EXTRACTED INFORMATION →

....

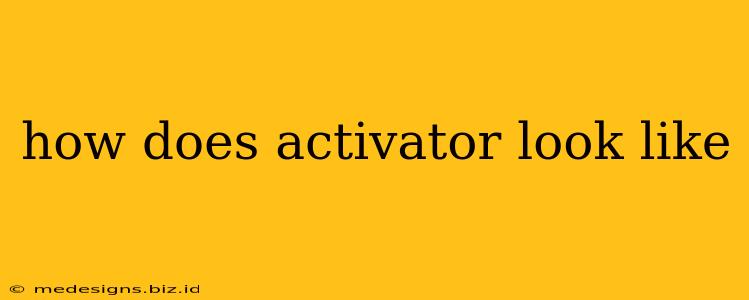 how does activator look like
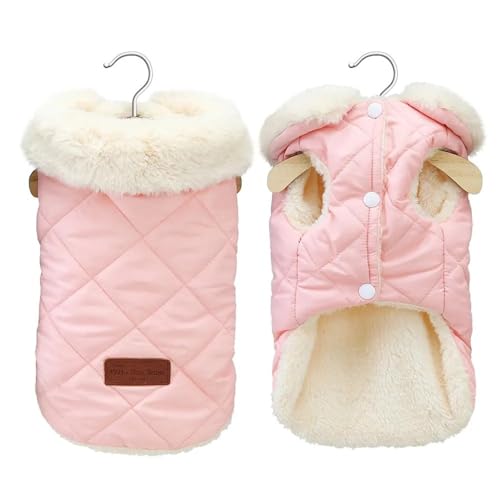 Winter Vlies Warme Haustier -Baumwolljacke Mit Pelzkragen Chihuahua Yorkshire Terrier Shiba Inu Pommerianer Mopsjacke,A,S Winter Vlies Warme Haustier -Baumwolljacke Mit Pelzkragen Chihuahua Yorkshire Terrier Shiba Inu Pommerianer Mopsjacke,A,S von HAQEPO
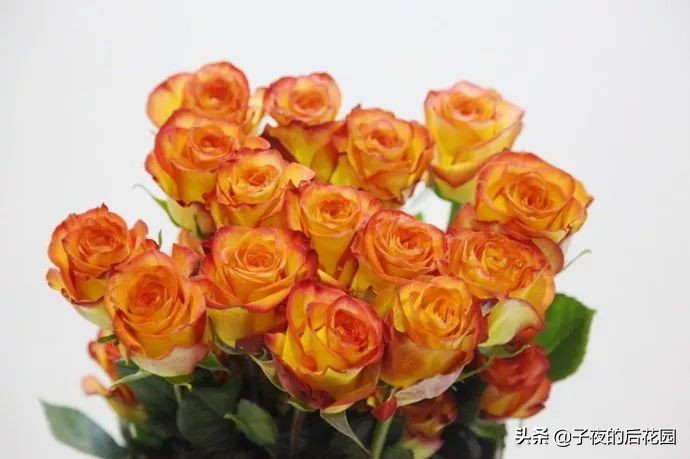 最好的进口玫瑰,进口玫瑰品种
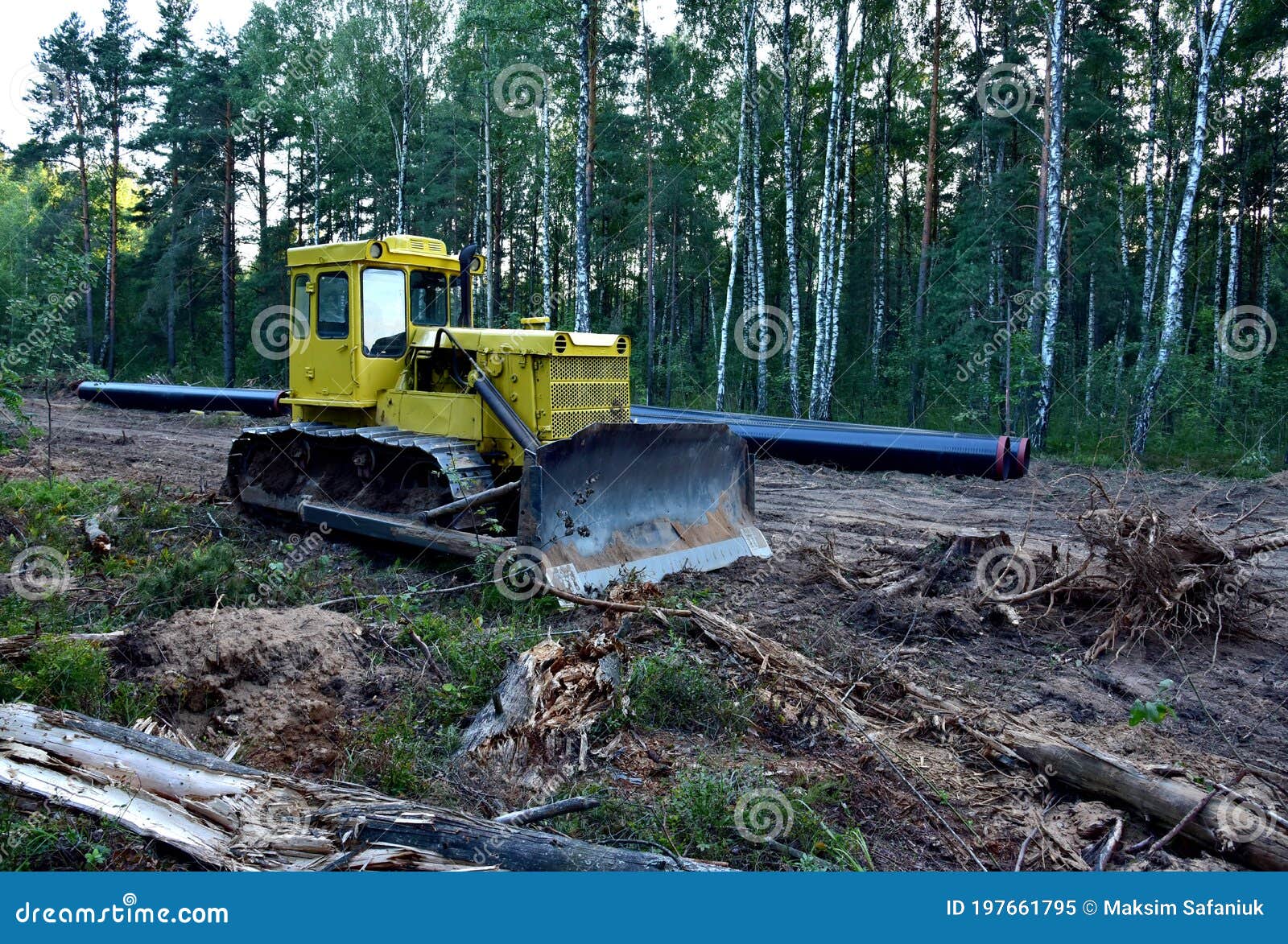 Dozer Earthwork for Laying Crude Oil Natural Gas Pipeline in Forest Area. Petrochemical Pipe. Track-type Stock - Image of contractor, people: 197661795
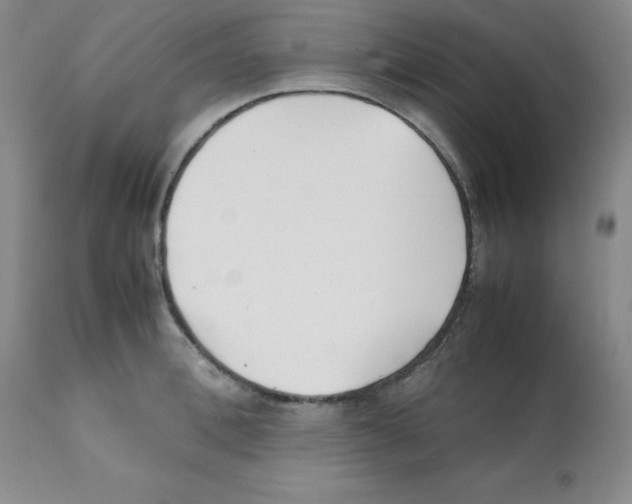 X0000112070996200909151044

....

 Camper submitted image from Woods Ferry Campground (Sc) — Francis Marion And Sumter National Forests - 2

....

EXERCISE BRIEF →
Whatever pictures the records hold, omit them; give again exactly the lines from the one containing "最好的进口玫瑰,进口玫瑰品种" through the one containing "X0000112070996200909151044".

COMPLETED EXERCISE →
 最好的进口玫瑰,进口玫瑰品种
 Dozer Earthwork for Laying Crude Oil Natural Gas Pipeline in Forest Area. Petrochemical Pipe. Track-type Stock - Image of contractor, people: 197661795
 X0000112070996200909151044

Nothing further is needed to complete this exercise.